By giving the one and refusing the other, we think the court committed error. “To allow one’s name to be used improperly,” may, if the word “allow” is used with precision, mean nothing more than “to knowingly allow one’s name to be used improperly but a jury might be easily misled to suppose that not preventing such use, whether it were known or not, might make a man liable under the statute if by vigilance the use might have been known to him. This is not the law. The instruction refused was the one it was held error to refuse in Edwards v. Dettenmaier, supra, and as we have said, we do not think that in this cáse, more than in that, there is any question to litigate other than the one which arises under section 18 of Chapter 32 of the Revised Statutes. The judgment must be reversed and the cause remanded for these errors indicated.

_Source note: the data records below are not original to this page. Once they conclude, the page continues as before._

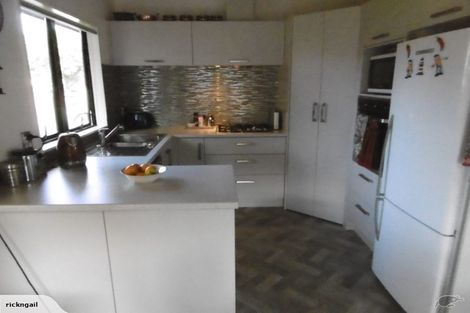 Photo of property in 5a Lee Street, Whitianga, 3510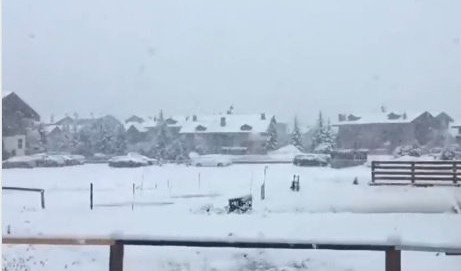 (VIDEO) VEJE KAO USRED ZIME! Sneg pada u Austriji i Italiji, POGLEDAJTE SNEŽNU IDILU!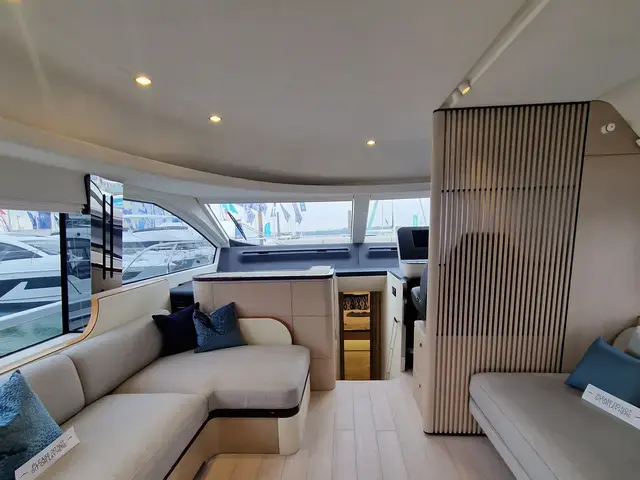 Azimut 68 Flybridge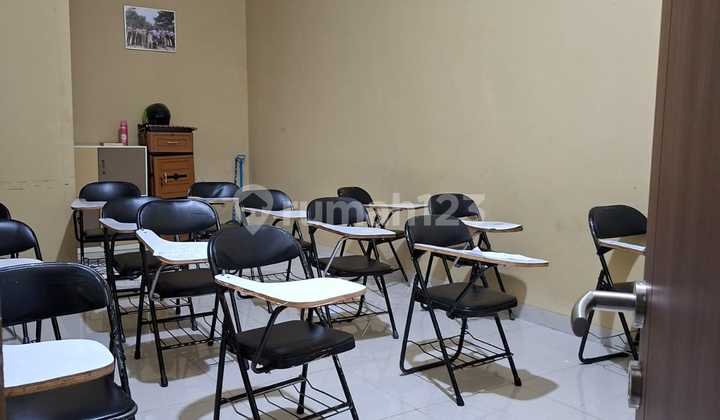 3.5 Story Shophouse on Agus Salim Street, East Bekasi 3.5 Story Shophouse on Agus Salim Street, East Bekasi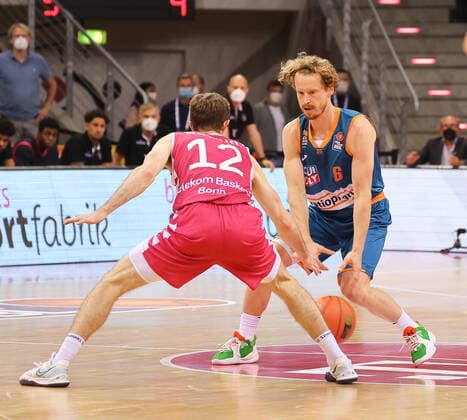 Skyler Bowlin TB Bonn 12 and Per Guenther Ratiopharm Ulm , Telekom Baskets Bonn vs Ratiopharm Ulm, Basketball, 1 Easy Credit Bundesliga, 2 Matchday, 29 09 2021, Telekom Baskets Bonn vs Ratiopharm Ulm, Basketball, 1 Easy Credit Bundesliga, 2 Matchday, 29 09 2021, Photo EIBNER Joerg Niebergall Bonn Copyright: xJoergxNiebergall Eibner-Pressefox EP_JNL
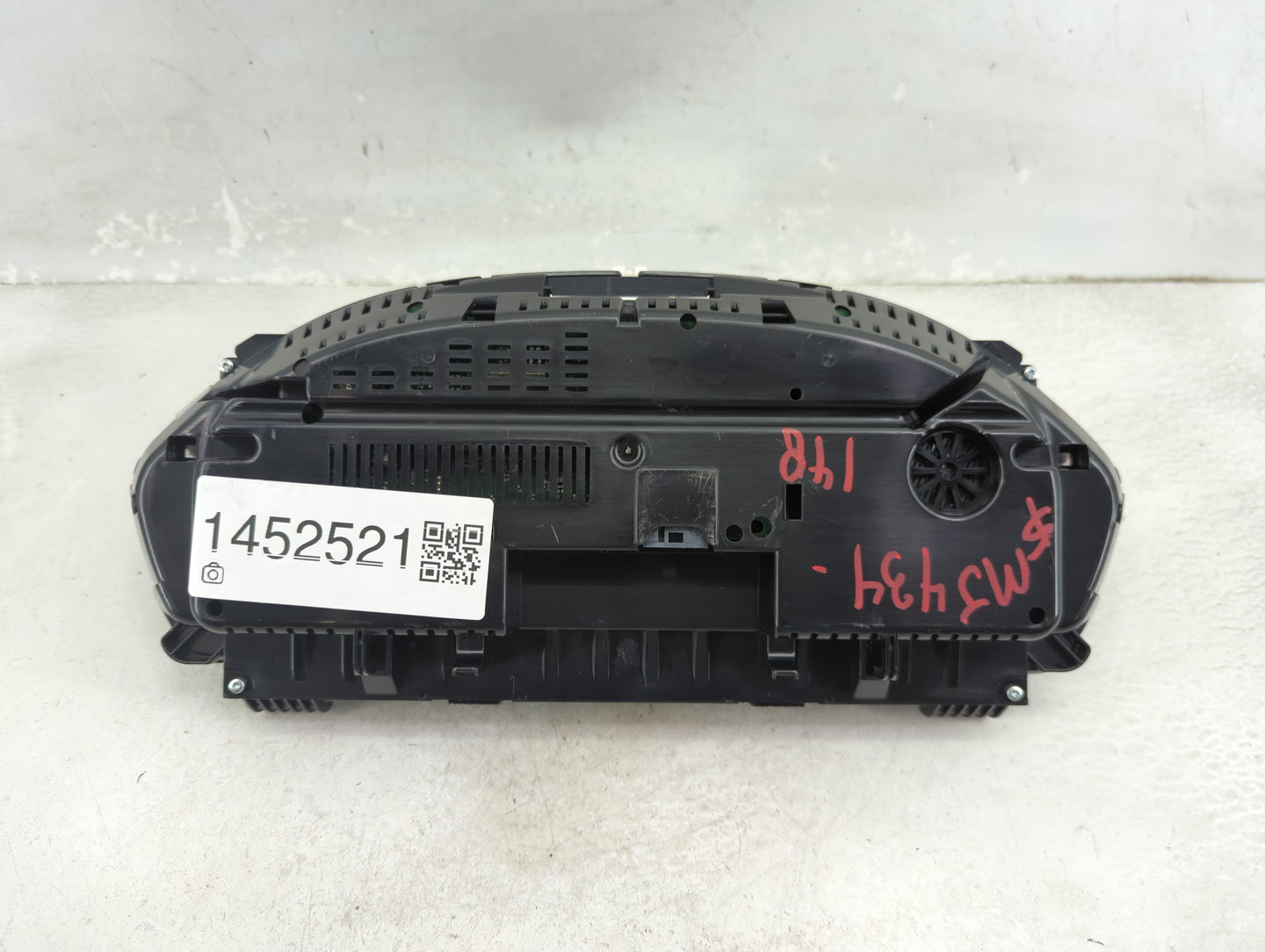 2013-2018 Bmw 320 Instrument Cluster Speedometer Gauges P/N:9325179-01 9232894 Miles:25K Fits OEM Used Auto Parts - Oemuseda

Plaintiffs in error also complain of the language of the court at the conclusion of the plaintiffs’ case below. This language amounted to a statement, that plaintiffs had proven that Wagner and Churchill had “allowed” their names to be used upon letter-heads as officers of the Wagner-Hatch Motor Company. This was a matter at issue, and defendants were vigorously insisting there had been no evidence tending to prove it. We are, perhaps, not justified in assuming that this language was in the hearing of the jury, in the absence of a statement to that effect in the bill of exceptions. If it was in the hearing of the jury, however, (as it is asserted without denial that it was), it would, in our opinion, furnish an additional and sufficient reason for our decision. It must have been highly prejudicial to the defendants to have had such remarks made by the court in the hearing of the jury, if they were so made, and we think that the statement of the bill of exceptions following the language complained of, namely: “To which ruling of the court the defendants by their counsel then and there duly excepted,” shows sufficiently that an exception was preserved to it.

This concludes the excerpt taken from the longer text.